Dilema BI Menghadapi Pelemahan Rupiah hingga Mendorong Pertumbuhan Ekonomi



KONTAN.CO.ID - JAKARTA. Upaya Bank Indonesia (BI) dalam mendorong pertumbuhan ekonomi dengan menjaga nilai tukar rupiah dinilai cukup sulit.

Direktur Riset Institute for Development of Economics and Finance (Indef) Berly Martawardaya mengatakan, secara logika jika BI menaikkan suku bunga acuannya, maka bisa mendorong pertumbuhan ekonomi domestik.

Akan tetapi aliran modal asing yang masuk (capital inflow) akan lebih sedikit karena nilai tukar rupiah yang melemah.

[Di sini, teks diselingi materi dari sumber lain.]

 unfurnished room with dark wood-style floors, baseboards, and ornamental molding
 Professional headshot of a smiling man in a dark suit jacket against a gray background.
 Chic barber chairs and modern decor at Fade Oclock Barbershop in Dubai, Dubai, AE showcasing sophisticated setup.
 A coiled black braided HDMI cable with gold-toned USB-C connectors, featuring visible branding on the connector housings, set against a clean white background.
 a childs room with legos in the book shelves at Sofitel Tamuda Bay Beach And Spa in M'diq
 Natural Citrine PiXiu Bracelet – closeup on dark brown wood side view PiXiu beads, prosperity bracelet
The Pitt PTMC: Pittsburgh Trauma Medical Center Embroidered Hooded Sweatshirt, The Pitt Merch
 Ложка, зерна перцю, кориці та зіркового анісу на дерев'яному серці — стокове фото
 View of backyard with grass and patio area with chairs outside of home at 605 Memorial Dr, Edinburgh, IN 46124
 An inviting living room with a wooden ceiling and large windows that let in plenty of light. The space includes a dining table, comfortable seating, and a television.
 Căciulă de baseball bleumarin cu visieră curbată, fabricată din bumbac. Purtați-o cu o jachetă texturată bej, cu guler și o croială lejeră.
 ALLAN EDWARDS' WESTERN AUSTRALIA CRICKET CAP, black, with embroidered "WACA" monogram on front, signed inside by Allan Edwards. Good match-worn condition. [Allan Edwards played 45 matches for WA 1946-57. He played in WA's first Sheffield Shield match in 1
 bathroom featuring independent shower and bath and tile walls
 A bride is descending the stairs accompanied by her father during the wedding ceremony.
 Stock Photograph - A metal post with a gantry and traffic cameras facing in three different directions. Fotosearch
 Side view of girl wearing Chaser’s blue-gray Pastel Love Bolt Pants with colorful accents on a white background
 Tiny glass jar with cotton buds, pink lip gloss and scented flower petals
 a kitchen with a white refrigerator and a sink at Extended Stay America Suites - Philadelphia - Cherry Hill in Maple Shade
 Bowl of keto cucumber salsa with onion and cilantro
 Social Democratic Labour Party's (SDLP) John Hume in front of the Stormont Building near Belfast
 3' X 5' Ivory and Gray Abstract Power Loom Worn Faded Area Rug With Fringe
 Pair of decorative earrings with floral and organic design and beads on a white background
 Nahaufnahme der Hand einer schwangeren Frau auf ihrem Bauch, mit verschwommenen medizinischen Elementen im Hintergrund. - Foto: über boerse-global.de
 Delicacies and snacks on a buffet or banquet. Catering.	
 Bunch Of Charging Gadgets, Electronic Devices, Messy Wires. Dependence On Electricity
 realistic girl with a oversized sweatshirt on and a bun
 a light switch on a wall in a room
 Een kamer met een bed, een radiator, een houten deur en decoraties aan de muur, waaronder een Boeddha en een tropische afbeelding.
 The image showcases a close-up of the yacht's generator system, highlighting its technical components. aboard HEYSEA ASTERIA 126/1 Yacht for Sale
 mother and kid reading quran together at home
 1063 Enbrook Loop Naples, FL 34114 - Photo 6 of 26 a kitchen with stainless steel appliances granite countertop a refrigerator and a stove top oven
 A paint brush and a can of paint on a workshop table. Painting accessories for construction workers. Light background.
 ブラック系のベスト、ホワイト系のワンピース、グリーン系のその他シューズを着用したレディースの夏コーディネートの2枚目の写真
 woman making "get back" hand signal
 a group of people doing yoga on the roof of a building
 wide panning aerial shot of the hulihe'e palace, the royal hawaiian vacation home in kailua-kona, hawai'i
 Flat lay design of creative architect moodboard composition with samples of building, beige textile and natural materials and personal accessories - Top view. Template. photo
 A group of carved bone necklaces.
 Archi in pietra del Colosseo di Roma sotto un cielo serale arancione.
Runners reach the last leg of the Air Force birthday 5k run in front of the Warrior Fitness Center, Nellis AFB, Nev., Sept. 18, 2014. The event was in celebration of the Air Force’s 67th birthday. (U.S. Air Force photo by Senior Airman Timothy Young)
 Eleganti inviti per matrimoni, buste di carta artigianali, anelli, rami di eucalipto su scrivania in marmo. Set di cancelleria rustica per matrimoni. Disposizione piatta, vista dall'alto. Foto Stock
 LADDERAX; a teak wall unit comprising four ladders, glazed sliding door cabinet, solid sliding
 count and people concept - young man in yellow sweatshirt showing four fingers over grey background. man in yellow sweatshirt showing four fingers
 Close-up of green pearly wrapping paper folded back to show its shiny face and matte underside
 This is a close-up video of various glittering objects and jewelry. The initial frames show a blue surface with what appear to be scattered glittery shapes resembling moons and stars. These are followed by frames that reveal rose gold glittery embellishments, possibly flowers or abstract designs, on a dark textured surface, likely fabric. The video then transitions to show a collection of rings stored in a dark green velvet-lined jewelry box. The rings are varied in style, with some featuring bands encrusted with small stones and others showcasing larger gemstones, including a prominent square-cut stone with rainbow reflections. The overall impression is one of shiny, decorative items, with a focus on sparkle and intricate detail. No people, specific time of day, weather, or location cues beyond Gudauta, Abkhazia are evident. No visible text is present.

Baca Juga: Pergerakan Rupiah Senin (2/10) Masih Disetir Faktor Eksternal

“Apalagi kita sudah hampir defisit (APBN). Jadi tidak aman dari segi neraca perdagangan ekspor dan impor Indonesia karena harga komoditas menurun,” tutur Berly kepada Kontan.co.id, Minggu (1/10).

Maka dari itu, untuk menjaga nilai tukar rupiah tetap aman, nilai ekspor harus tetap terjaga lebih tinggi dibandingkan kinerja impor. Selain itu, bisa juga dengan mendorong capital inflow jika suku bunga Indonesia lebih tinggi dari suku bunga global.

Berly berasumsi, sebenarnya BI bisa saja menurunkan suku bunga acuannya, akan tetapi jika turun maka akan berdampak pada melemahnya nilai tukar.

Tercatat, BI kembali mempertahankan suku bunga acuan BI 7-Days Reverse Repo Rate (BI7DRR) di level 5,75% dalam Rapat Dewan Gubernur (RDG) BI September 2023.

Sementara itu, nilai tukar rupiah terhadap dollar Amerika Serikat (AS) terus tertekan. Bank Indonesia (BI) mencatat, nilai tukar rupiah pada September 2023 (sampai dengan 20 September 2023) secara point-to-point melemah sebesar 0,98% dibandingkan dengan level akhir Agustus 2023.

Secara year-to-date (YTD), nilai tukar Rupiah menguat 1,22% dari level akhir Desember 2022, lebih baik dibandingkan dengan nilai tukar mata uang negara berkembang lainnya seperti Rupee India, Peso Filipina, dan Baht Thailand yang masing-masing mengalami depresiasi sebesar 0,42%, 1,92%, dan 4,03%.

“Jadi BI itu tidak mudah, karena harus memutuskan diantara dua yang sama-sama nggak enak, antara ekonomi melemah atau rupiah yang melemah,” ungkapnya.

Baca Juga: Proyeksi Inflasi September, Terkerek Sentimen Harga Minyak hingga Pelemahan Rupiah

Keputusan BI mempertahankan suku bunga juga diperkirakan karena kondisi Indonesia yang saat ini menjelang pemilihan umum (pemilu). Sehingga harus ada atensi fokus antara pada masyarakat umum dengan kalangan elit.

Dia menyebut, biasanya kalangan elit lebih peduli pada nilai tukar rupiah, sementara masyarakat luas lebih peduli pada pertumbuhan ekonomi.

“Tetapi kita prediksi tahun ini pertumbuhan ekonomi hanya 4,9%, sehingga kuartal III dan IV akan menurun. Ini karena setahun kemarin kan pertumbuhan ekonomi kita didorong ekspor. Namun karena harga-harga komoditas turun, jadi ekspor akan melemah,” jelasnya.

Lebih lanjut, Berly mengungkapkan, hal yang bisa dilakukan pemerintah untuk mendorong pertumbuhan ekonomi domestik adalah dengan mempercepat belanja, baik itu belanja pusat maupun daerah.

Akan tetapi, pemerintah harus fokus melakukan belanja yang sifatnya produktif agar dampak yang dirasakan kepada masyarakat lebih nyata.

“Ini APBN masih surplus (hingga Oktober 2023) tapi sebenarnya nggak baik untuk kondisi sekarang. Dimana banyak gangguan eksternal jadi harus segera didorong, segera dicairkan khususnya untuk kegiatan yang berdampak rutin ke masyarakat,” imbuhnya.